● Directions
Leaving out all pictures, return exactly the lines from the one that contains "Topology Control in Wireless Sensor Networks" through the end of the data below.

● Dataset

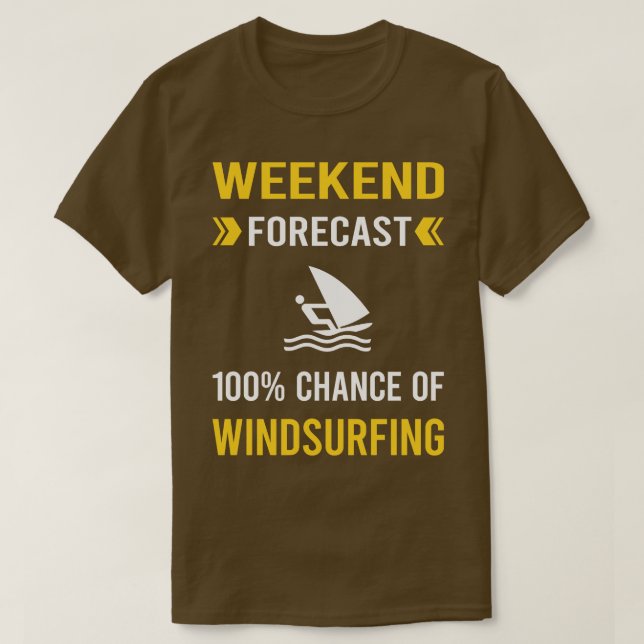 T-shirt Weekend Forecast Windsurf Windsurf Windsurf (Design devant)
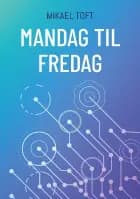 Mandag til fredag af Mikael Toft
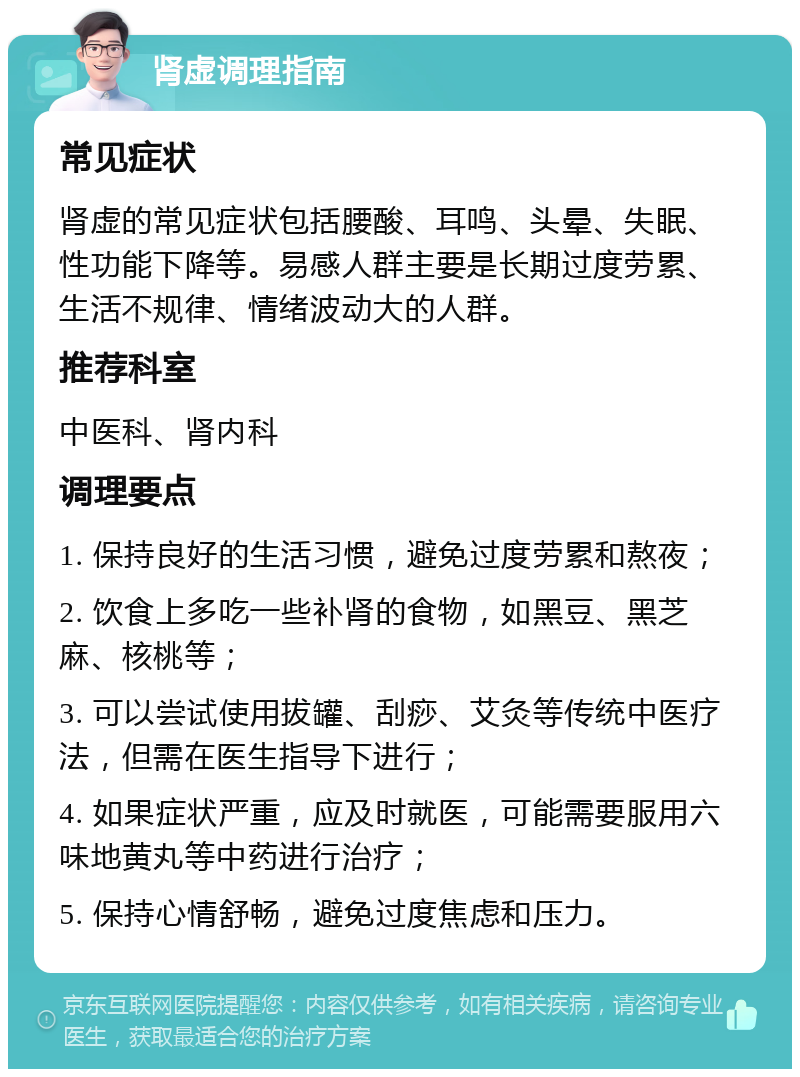 肾虚调理指南 常见症状 肾虚的常见症状包括腰酸、耳鸣、头晕、失眠、性功能下降等。易感人群主要是长期过度劳累、生活不规律、情绪波动大的人群。 推荐科室 中医科、肾内科 调理要点 1. 保持良好的生活习惯，避免过度劳累和熬夜； 2. 饮食上多吃一些补肾的食物，如黑豆、黑芝麻、核桃等； 3. 可以尝试使用拔罐、刮痧、艾灸等传统中医疗法，但需在医生指导下进行； 4. 如果症状严重，应及时就医，可能需要服用六味地黄丸等中药进行治疗； 5. 保持心情舒畅，避免过度焦虑和压力。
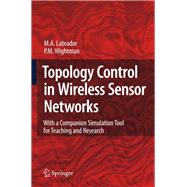 Topology Control in Wireless Sensor Networks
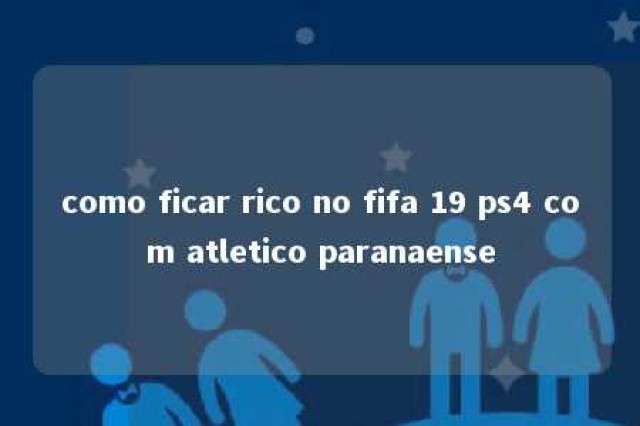 como ficar rico no fifa 19 ps4 com atletico paranaense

● Finished task
 Topology Control in Wireless Sensor Networks
 como ficar rico no fifa 19 ps4 com atletico paranaense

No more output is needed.